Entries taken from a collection
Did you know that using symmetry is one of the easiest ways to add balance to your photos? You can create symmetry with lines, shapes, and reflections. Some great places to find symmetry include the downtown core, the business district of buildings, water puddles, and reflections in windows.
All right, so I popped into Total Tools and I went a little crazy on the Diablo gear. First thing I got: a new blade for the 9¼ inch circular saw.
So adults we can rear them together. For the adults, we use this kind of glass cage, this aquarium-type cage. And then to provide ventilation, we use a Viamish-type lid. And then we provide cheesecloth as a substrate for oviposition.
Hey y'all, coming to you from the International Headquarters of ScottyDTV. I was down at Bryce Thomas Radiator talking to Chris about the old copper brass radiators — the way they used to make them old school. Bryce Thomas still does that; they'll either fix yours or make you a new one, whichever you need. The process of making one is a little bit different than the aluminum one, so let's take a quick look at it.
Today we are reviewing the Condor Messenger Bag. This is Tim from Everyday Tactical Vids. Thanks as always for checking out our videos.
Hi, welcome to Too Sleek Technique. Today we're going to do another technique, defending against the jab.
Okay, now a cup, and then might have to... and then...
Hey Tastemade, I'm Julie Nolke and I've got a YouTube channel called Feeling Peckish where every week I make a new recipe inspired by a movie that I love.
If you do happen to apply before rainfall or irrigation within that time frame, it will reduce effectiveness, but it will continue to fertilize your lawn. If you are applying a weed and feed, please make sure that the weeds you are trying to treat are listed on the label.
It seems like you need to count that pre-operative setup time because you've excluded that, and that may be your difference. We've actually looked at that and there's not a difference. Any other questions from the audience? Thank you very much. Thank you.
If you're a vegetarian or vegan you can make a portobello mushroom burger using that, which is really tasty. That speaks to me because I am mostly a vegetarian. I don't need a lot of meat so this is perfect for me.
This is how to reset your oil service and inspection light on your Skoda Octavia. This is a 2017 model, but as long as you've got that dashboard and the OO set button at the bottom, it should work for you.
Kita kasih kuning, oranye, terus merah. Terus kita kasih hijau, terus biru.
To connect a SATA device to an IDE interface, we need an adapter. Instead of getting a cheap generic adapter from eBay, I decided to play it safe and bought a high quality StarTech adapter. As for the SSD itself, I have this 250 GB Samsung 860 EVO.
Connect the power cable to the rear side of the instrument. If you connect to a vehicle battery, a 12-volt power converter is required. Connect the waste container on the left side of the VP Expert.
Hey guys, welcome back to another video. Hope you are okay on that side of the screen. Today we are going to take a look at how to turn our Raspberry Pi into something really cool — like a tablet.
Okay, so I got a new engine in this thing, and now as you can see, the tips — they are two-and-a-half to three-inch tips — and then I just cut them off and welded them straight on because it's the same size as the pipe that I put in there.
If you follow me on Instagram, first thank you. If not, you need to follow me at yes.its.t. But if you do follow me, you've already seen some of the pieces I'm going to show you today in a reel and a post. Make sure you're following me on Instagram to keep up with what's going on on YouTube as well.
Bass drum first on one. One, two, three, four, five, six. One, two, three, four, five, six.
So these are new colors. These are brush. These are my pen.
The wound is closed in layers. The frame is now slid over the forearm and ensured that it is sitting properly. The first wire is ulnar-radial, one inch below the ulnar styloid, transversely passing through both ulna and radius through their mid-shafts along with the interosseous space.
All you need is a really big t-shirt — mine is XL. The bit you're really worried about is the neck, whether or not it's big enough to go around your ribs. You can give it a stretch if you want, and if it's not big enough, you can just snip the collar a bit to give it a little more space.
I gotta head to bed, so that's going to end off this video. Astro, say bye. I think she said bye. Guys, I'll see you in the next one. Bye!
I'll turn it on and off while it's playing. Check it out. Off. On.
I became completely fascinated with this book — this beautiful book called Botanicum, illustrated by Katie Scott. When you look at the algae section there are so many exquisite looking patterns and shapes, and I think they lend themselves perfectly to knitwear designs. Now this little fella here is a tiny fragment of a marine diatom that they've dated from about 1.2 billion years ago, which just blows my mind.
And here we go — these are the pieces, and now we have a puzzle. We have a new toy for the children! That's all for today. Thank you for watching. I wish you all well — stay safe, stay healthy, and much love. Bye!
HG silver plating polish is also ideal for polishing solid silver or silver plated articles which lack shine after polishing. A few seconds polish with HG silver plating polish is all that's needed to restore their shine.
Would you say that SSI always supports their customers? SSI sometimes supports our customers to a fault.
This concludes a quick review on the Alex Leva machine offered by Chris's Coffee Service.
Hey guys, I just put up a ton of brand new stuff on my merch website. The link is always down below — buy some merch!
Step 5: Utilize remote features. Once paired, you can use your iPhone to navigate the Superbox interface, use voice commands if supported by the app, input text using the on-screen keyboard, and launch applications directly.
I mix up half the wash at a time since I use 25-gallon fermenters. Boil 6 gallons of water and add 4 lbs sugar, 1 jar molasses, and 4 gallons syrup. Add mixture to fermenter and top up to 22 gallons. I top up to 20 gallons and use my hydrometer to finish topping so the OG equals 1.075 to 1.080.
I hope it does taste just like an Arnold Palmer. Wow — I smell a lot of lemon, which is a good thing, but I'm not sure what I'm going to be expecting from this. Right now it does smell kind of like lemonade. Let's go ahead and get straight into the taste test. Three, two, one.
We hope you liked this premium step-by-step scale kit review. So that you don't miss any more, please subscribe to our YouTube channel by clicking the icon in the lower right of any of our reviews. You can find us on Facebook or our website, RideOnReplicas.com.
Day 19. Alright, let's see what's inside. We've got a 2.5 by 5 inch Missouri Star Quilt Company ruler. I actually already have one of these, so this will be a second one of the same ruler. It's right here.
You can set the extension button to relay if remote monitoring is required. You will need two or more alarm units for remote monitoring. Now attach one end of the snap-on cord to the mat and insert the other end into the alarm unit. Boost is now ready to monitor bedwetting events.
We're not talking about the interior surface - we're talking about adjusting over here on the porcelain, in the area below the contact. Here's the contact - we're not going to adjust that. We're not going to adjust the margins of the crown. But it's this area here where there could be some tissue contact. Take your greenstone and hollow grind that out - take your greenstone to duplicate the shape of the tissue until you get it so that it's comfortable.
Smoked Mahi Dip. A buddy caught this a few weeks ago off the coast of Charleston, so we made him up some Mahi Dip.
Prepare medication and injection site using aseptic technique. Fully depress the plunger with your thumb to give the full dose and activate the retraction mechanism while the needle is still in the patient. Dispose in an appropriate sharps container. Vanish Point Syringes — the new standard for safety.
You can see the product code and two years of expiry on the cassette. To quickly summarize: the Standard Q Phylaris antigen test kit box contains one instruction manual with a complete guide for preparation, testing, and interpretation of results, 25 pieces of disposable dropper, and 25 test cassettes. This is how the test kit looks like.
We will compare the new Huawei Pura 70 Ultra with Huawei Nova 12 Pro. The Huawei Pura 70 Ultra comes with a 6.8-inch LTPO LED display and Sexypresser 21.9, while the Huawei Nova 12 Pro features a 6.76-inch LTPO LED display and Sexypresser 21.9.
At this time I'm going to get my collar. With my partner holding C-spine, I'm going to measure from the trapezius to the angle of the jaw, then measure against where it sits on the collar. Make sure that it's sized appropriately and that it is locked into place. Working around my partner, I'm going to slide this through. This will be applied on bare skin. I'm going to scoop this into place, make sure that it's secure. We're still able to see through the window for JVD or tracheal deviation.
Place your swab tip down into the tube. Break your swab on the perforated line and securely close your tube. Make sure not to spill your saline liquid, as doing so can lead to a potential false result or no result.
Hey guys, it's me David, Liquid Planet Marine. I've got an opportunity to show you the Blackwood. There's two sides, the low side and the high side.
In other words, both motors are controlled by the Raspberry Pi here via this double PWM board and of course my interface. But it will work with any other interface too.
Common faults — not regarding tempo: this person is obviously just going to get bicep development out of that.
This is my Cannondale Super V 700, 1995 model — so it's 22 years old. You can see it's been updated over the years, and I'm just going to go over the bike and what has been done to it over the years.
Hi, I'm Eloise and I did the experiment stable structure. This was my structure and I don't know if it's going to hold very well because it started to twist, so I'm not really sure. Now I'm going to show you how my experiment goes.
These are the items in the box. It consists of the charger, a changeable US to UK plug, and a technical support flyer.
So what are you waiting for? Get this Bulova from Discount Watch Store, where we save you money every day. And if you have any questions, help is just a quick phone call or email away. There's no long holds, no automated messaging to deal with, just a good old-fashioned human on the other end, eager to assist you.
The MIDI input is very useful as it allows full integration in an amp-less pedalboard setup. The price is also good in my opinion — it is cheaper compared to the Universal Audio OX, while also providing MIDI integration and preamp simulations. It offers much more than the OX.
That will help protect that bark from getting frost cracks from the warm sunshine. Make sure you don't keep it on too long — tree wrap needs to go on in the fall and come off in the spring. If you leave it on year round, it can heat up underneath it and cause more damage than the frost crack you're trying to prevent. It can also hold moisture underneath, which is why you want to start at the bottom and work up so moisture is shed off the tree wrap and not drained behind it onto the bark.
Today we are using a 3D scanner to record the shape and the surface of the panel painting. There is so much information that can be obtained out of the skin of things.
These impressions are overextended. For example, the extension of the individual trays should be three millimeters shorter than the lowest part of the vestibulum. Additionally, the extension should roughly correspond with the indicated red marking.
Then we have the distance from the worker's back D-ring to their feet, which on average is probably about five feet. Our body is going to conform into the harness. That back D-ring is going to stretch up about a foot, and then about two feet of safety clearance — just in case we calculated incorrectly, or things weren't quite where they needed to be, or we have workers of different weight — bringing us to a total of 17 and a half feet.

- **YOUR ASSIGNMENT**: Transcribe only the lines from the beginning of the entries to the line with "Hi, welcome to", inclusive, exactly as written.

- **RESULT OF THE EXERCISE**:
Did you know that using symmetry is one of the easiest ways to add balance to your photos? You can create symmetry with lines, shapes, and reflections. Some great places to find symmetry include the downtown core, the business district of buildings, water puddles, and reflections in windows.
All right, so I popped into Total Tools and I went a little crazy on the Diablo gear. First thing I got: a new blade for the 9¼ inch circular saw.
So adults we can rear them together. For the adults, we use this kind of glass cage, this aquarium-type cage. And then to provide ventilation, we use a Viamish-type lid. And then we provide cheesecloth as a substrate for oviposition.
Hey y'all, coming to you from the International Headquarters of ScottyDTV. I was down at Bryce Thomas Radiator talking to Chris about the old copper brass radiators — the way they used to make them old school. Bryce Thomas still does that; they'll either fix yours or make you a new one, whichever you need. The process of making one is a little bit different than the aluminum one, so let's take a quick look at it.
Today we are reviewing the Condor Messenger Bag. This is Tim from Everyday Tactical Vids. Thanks as always for checking out our videos.
Hi, welcome to Too Sleek Technique. Today we're going to do another technique, defending against the jab.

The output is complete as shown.